Notice that we train our network 10,000 times in the for loop.

10,000 iterations was plenty to train this particular neural network. But for the more complex one we will cover in a bit, I needed more iterations (and to turn down the learning rate).

This is one of the interesting parts of machine learning, you need to train a neural network enough (which is hard to get right), but if you train it too much you get "over fitting" happening and actually start getting worse results. So it needs to be perfectly balanced for the best results!

Anyway, that was a lot, we are finally at our first demo!

Simple vanilla JS neural network demo

It is a little messy, but our neural network and all of the training part is in the first 67 lines of the CodePen below.

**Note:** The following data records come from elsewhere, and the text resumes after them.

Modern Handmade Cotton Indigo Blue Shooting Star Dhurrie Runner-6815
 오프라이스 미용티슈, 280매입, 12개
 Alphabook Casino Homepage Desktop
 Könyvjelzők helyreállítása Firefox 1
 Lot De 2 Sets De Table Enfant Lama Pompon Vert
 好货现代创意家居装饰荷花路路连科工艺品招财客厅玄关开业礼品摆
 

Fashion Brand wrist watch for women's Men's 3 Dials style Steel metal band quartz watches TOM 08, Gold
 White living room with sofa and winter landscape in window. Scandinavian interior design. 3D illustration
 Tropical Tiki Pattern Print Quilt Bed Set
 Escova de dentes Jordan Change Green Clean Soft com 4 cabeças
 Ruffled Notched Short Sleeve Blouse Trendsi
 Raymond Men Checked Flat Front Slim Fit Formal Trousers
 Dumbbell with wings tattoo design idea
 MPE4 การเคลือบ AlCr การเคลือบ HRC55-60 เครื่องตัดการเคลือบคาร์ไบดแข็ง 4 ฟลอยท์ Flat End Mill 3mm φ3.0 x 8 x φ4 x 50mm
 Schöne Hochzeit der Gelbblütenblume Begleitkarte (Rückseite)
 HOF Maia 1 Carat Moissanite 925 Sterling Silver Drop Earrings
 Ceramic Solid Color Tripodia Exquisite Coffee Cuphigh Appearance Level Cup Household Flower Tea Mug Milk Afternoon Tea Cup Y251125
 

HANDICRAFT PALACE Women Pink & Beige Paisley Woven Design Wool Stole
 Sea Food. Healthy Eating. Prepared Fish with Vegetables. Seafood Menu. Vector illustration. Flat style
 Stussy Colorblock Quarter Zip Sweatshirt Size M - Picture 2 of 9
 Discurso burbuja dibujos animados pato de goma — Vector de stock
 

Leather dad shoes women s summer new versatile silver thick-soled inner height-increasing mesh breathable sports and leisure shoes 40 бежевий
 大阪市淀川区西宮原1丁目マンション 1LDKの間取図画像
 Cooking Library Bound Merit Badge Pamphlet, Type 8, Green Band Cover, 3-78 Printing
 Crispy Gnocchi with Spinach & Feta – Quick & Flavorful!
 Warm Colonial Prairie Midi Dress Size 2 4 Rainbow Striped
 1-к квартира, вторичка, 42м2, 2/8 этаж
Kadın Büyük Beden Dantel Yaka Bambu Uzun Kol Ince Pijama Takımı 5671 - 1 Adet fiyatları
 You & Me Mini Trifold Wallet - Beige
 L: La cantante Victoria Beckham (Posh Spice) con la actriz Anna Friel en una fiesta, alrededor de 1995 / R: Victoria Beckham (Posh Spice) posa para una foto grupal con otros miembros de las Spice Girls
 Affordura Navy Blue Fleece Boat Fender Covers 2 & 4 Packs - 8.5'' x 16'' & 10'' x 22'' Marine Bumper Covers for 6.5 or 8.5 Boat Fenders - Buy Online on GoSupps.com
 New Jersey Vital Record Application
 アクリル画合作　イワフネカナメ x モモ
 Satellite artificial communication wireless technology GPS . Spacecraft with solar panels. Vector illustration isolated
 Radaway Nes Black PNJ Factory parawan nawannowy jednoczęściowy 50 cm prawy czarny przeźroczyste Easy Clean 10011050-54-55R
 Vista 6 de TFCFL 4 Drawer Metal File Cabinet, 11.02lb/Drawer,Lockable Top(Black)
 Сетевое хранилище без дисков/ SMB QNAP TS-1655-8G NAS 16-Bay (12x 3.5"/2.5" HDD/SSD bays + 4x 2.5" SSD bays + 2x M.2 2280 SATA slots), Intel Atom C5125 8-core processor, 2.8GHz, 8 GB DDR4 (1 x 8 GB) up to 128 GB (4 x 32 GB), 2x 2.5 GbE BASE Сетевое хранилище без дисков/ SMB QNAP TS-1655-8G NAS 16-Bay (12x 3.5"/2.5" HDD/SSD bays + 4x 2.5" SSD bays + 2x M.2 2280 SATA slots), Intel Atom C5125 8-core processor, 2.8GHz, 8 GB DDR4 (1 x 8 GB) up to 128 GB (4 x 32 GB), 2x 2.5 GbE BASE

The remaining lines of code actually run our network (neuralNetwork.propagate([x, y]); roughly line 85) and then output the points and their predicted colours onto a <canvas>.

encode and decode are purely to take our output neurons, find which one has the highest activation and then map that to a colour for our visualisation.

And here is the last thing to understand. Our output neurons will all have a value. A neural network doesn't just output 1, 0, 0, 0.

Instead it will output a "certainty" or guess for each of the output neurons. So we will get something like 0.92,0.76, 0.55, 0.87 as our output.

So that is why we have our decode function, which finds the highest outputting neuron and takes that as our final guess!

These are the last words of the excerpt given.